Videos have surfaced of a crowd of protestors beating a man unconscious and lighting a massive fire, which led to the cancellation of Yiannopoulos’ speaking engagement by the university.
Yet as of last night, campus police remained minimally involved in containing the riots, with the police chief saying she was not aware of any arrests made.
This soft response seems odd in light of UC Berkeley’s statement this morning, which affirmed the importance of free speech:
Campus officials [said] that they regret that the threats and unlawful actions of a few have interfered with the exercise of First Amendment rights on a campus that is proud of its history and legacy as the home of the Free Speech Movement.
If UC Berkeley is so dedicated to protecting Yiannopoulos’ free speech, why the weak response?
The riots were violent enough to elicit a response from President Donald Trump, who tweeted out, “If U.C. Berkeley does not allow free speech and practices violence on innocent people with a different point of view – NO FEDERAL FUNDS?”
Indeed, American taxpayers should be well aware of where their money is going.
UC Berkeley is a public institution that receives federal dollars, yet it appears to allow violence, censorship, and holds contempt for the Constitution and the rule of law.
UC Berkeley is a public institution that receives federal dollars.
Yet on Jan. 26, the university’s chancellor issued a statement saying that Yiannopoulos had “been widely and rightly condemned for engaging in hate speech” and added that “Mr. Yiannopoulos’s opinions and behavior can elicit strong reactions and his attacks can be extremely hurtful and disturbing.”
Hardly impartial statements.
This is not the first time lawmakers have called for federal funds to be withheld from Berkeley, California.
In 2008, Heritage Foundation President and former Sen. Jim DeMint called for federal funding to be revoked from the city after the Berkeley City Council voted to remove a Marine Corps recruiting center from the city.
As DeMint said, “The First Amendment gives the city of Berkeley the right to be idiotic, but from now on they should do it with their own money.”

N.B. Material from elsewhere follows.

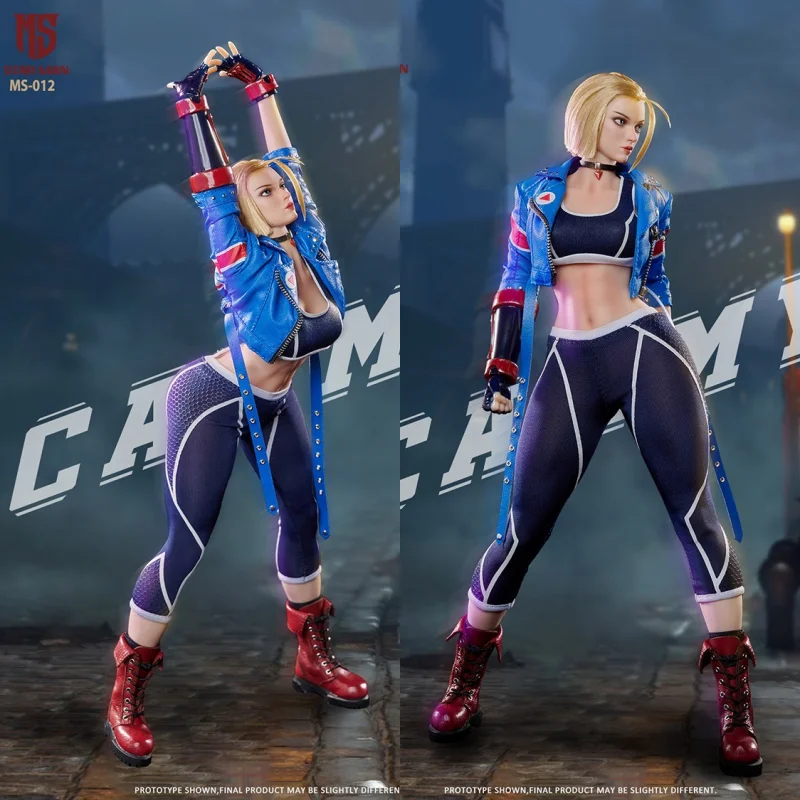 

New In Stock Starman Ms-012 Scale Female Soldier 1/6 Blue Bee Brand New STREET FIGHTER 6 Cammy White Soldier Model Full Set Toy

No city and no university campus should turn a blind eye to the rule of law in order to promote their political agendas. Indeed, the acceptance of federal funds should require an adherence to the basic rights guaranteed Americans in the Constitution—and that includes the First Amendment.
The threats to freedom of speech on college campuses are disturbing and warrant a response.
On Tuesday, Stanley Kurtz along with Jim Manley and Jonathan Butcher of the Goldwater Institute presented model state legislation at The Heritage Foundation to combat censorship and restriction of free speech on college campuses, which is intended to silence any dissenting views on political and social issues.
If adopted, this state-level legislation would require universities to open their doors to all invited speakers and reaffirm their commitment to free speech.
This is an important first step in restoring respect for constitutional rights in our university systems, something that is essential to preserving the free flow and vigorous debate of ideas that is fundamental to thriving academic institutions.
On the federal level, lawmakers should consider policies that limit federal subsidies to institutions that are hostile to free speech and who allow violence, threats, and intimidation of speakers and students to occur without consequence.
Taxpayers, who are already on the hook for $1.3 trillion in outstanding student loan debt should not continue to provide funding for universities that do not offer First Amendment protections to their students and guests.
Hopefully, such legislative responses will restore our universities to being places of thoughtful debate, where opposing views are met with respect and civil debate, rather than riots.